I'm a little jittery. I've been brought in as a 'guest debater', as Mdm Christina puts it, and I'm debating as first speaker - something I've only done four or five times to epic failure. I remind myself that National Judo tournaments are far scarier than any debate league. Paul applies for a name change for our team, because I'm not a Swinburne student. We reject Team Jihad, laugh off Ashik's Team Al Qaeda, consider Team Gemilang and finally settle on Sungai Sarawak. All the other teams are busy opening metafiles and looking through motion notes and they huddle in small groups all over the floor; I pass by an IPBL team and hear one of their lecturers explaining the mechanics of hydroelectricity to them and feel a little strange, considering that both Swin teams are sitting around and talking about food, and I know from experience that such knowledge is almost useless in debate.
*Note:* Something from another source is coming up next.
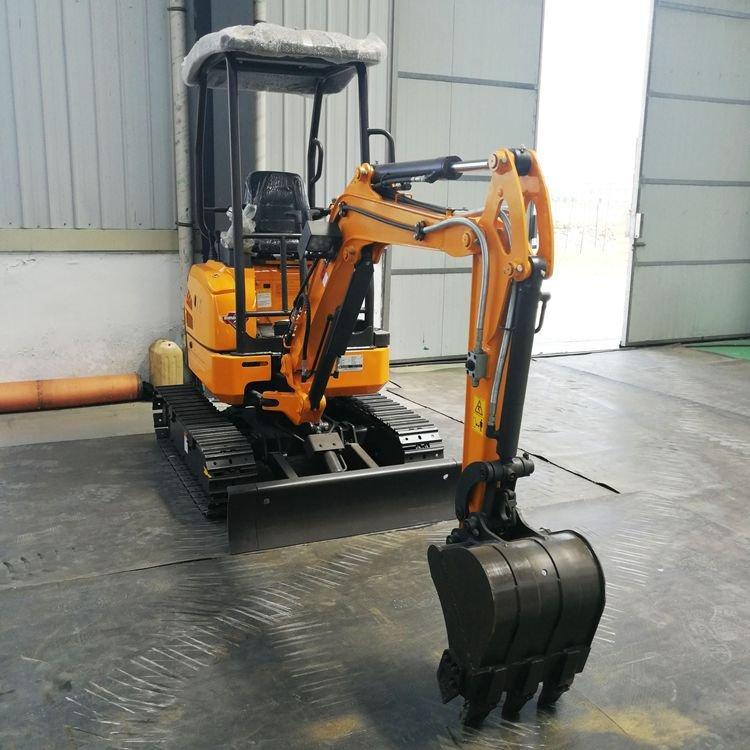 Мини-экскаватор NM-E21 массой 1880 кг с ковшом и управлением (арт. 25-12062218)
We wait. A couple of minutes later Choulyin goes up on stage and briefs us on the rules of the debate tournament, and it's remarkably similar to the other debate tournie I'm painfully preparing my teams for (ie: the Swinburne high school tournament) with the 3 motion system and the uber-air-conditioned rooms and the wall-to-wall vomit coloured carpet and the black shirted runners with little signs who lead you to your rooms and demand that you hand over your handphones to keep in large white and yellow Swinburne paper envelopes. And there's this little spike of deja vu as we copy our lineups and our first motions; and as my team sits on the steps between floors 2 and 3 to prepare I remember St Thomas and my first debate and a small lump forms in my throat.
But that doesn't last. The Kuching League gives all teams 15 minutes to prepare for a motion we've never seen before, and Paul and I quickly work out a prep system. 2 minutes of silence while we marshal our thoughts, 8 minutes of chaos as we outline the problem, pre-empt the other team, consider and then discard possible arguments, create a policy, let Ashik eat fries and hammer a case together. We do this very quickly - and looking back at it now I realize how much trust we have to place in each other: when Paul suggests something that I say won't work, he accepts it and moves to an alternative within the space of seconds.
The first motion is THW pay morbidly obese people to lose weight. We are against three very nice young gentlemen from IPBL A, who joke with us about the no-handphone envelope when we enter the room. We are opposition and our case is simple: we support the need for Government intervention in cases involving morbidly obese people, but we question the ethics of using a monetary incentive. Paul is extraordinarily witty and he opens one of his points with "the fat become fatter"; Ashik, however, closes his speech with profanity.
We win the first round with a huge point difference.
The second round pits us against INTI 2, on the bloody long motion THBT sporting bodies should penalize teams when their players commit criminal acts off the field. We are government, which worries me incessantly - I'm a third speaker by training and I do best when I open with rebuttal. Being gov means that I've to open up the whole debate on my own - something I attempted to do in Form 4, failed, and immediately got switched to 3rd because Cikgu Orlnda thought I handled my POIs quite-nicely-thank-you-very-much and wondered if I'd be good doing rebuttals as a full time thing (she was right). But anyway. I take the floor and frame the debate as value-judgement, and I keep 'sporting bodies' broad (no specific sports) and 'penalize' narrow (no suspension, just fines and point deductions) which turns out to be right thing to do. The opposition doesn't understand what we're getting at, shoots blanks for most of the debate, and scores us another decent win.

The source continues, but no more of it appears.